AuthorEditorial Team
Published
March 12, 2026/02:11 PM
Section
City
District Releases Long-Withheld Congestion Pricing Study, While Bowser Administration Calls Methodology And Assumptions Flawed
Source: Wikimedia Commons / Author: District of Columbia Government

Study released five years after funding decision

The District government on March 10, 2026 published a long-awaited “decongestion pricing” study examining whether Washington, D.C. should charge drivers to enter or travel within parts of downtown. The release follows a multi-year delay after the D.C. Council voted in 2019 to fund the work and the analysis was completed in 2021.

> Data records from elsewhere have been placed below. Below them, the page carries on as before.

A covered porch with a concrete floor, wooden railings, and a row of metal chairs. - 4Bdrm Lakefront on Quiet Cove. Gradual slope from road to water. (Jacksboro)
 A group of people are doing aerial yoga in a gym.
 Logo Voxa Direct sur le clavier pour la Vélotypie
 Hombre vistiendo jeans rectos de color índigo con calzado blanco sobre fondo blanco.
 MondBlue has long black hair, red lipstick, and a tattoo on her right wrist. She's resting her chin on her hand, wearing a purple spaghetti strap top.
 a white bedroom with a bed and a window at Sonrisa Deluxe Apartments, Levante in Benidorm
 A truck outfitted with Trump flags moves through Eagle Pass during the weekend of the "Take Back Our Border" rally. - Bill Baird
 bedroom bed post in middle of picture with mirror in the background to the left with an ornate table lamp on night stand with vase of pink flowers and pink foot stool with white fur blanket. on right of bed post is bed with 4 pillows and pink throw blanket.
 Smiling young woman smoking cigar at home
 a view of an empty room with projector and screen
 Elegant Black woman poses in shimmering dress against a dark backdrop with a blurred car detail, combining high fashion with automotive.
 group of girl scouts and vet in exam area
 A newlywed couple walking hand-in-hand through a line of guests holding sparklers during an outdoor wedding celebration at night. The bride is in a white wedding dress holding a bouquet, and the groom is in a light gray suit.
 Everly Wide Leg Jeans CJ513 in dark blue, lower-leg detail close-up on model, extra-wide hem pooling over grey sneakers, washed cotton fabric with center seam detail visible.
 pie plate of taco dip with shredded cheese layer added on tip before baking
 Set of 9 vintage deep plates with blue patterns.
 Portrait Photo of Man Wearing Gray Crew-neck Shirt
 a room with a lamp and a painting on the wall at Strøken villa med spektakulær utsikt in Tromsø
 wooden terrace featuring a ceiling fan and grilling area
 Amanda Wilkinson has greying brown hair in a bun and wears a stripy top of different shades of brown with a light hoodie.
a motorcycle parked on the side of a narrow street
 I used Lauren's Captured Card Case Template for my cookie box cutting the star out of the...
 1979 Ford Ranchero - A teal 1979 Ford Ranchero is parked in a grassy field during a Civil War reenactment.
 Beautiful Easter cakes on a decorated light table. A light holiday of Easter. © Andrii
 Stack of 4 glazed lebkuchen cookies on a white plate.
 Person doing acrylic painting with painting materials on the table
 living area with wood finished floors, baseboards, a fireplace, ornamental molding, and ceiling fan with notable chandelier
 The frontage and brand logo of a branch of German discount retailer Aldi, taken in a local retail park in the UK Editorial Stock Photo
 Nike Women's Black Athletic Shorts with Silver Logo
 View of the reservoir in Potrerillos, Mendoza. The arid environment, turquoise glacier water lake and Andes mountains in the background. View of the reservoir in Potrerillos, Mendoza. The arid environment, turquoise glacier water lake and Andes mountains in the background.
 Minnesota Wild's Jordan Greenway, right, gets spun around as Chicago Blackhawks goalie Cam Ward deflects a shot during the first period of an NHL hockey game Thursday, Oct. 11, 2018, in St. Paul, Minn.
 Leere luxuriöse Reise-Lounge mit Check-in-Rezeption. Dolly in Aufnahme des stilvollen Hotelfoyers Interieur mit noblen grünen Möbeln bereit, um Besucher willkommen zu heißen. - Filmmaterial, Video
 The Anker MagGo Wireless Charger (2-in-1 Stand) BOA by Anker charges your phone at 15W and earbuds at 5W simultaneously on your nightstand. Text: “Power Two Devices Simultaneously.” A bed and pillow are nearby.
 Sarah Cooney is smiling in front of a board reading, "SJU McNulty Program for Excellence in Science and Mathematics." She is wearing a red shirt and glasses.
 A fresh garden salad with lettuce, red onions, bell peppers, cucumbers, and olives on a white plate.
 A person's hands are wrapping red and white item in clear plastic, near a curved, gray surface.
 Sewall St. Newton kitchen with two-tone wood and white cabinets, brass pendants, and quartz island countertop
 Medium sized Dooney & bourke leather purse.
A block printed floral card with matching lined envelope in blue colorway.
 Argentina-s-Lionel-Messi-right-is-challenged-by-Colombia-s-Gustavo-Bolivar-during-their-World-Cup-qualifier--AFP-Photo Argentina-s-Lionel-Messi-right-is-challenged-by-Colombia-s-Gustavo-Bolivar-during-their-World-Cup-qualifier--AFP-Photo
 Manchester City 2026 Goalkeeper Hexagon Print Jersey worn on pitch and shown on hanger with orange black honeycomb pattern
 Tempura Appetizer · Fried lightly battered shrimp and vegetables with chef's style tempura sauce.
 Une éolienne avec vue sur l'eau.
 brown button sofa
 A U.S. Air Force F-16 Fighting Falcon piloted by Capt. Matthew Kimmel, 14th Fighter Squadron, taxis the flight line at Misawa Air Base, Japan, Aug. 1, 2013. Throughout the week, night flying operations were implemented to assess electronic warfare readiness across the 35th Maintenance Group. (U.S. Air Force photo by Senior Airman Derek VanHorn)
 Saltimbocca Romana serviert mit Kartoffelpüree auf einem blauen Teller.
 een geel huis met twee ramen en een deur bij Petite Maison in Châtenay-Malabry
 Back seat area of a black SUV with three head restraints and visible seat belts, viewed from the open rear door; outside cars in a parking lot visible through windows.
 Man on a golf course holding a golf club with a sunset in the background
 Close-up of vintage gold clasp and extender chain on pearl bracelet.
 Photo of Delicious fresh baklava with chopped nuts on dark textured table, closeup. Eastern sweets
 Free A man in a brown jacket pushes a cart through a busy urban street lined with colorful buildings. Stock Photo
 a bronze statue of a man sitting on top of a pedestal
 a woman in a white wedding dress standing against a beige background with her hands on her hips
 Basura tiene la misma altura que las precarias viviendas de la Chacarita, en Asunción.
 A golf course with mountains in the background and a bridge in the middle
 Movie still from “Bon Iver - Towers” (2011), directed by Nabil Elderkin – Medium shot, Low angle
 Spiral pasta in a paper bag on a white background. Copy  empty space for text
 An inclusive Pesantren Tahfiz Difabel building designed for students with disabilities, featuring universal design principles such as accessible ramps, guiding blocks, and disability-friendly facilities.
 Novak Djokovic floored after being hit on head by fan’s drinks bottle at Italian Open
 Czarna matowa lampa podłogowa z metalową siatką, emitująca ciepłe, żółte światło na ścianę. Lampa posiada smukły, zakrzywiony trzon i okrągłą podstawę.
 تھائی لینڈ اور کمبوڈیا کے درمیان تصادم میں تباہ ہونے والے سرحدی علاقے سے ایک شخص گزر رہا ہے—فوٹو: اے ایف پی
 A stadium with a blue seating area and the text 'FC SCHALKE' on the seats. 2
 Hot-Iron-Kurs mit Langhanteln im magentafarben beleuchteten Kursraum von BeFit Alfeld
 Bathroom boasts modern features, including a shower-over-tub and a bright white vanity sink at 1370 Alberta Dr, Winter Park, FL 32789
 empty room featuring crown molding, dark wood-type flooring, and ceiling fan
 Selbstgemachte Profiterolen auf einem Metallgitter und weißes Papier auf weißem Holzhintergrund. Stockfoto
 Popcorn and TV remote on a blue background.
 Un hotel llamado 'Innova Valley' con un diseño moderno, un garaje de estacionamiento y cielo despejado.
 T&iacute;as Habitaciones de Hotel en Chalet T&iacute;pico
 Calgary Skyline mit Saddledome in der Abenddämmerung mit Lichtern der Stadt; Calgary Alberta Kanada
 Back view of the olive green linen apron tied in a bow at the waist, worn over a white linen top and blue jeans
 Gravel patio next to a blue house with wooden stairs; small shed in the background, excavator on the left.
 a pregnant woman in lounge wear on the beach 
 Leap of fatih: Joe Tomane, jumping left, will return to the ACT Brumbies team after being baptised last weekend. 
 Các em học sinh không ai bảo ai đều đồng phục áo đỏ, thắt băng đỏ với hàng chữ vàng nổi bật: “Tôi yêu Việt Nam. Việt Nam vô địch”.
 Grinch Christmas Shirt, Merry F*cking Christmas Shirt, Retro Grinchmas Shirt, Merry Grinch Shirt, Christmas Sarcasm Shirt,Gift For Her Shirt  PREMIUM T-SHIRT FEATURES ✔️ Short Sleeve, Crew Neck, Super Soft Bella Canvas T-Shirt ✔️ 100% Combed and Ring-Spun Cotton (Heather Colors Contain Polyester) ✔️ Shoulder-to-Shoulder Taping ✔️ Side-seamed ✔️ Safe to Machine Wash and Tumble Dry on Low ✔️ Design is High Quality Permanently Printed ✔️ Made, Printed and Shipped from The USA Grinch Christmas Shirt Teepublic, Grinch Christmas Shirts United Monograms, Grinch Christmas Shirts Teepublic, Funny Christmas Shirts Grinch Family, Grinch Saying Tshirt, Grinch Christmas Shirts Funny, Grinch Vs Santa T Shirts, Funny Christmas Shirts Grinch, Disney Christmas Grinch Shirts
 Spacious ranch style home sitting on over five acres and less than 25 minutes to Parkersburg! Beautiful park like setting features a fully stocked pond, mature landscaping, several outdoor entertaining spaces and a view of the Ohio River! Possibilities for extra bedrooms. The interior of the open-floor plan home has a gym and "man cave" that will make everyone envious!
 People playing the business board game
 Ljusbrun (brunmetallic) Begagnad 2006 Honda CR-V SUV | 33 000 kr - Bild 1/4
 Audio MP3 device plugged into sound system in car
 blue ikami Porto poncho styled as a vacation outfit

Alongside the report, Mayor Muriel Bowser sent the Council a letter stating that the administration’s publication of the study should not be read as an endorsement of the report or of congestion pricing. The mayor characterized the study as “deeply flawed,” citing both methodological issues and what her office described as outdated assumptions about commuting patterns after the pandemic-era shift toward remote and hybrid work.

What the report studied and how it framed the policy

The published report evaluates congestion pricing as one potential tool among broader transportation equity and sustainability strategies. It assesses the transportation system in terms of access, affordability, and convenience for residents, workers, and visitors, and it discusses safety and health considerations tied to traffic volumes and roadway conditions.

The report’s executive summary argues that an “equitable roadway pricing system” can reduce congestion, improve network efficiency, improve air quality, reduce crashes, generate revenue for transit, and encourage shifts to non-driving modes. The document also acknowledges historic and structural inequities in the region and discusses how pricing policy can create uneven burdens without targeted mitigations.

Key points raised by the mayor’s office

In her March 10 letter, Bowser said the study relied on pre-pandemic data for traffic volumes, downtown commuter populations, and Metrorail ridership, and that those inputs are not aligned with current conditions. The letter also objects to what it describes as foundational assumptions in the modeling, including expectations of persistent, high-volume downtown commuting and limited alternatives to traveling into the central business district.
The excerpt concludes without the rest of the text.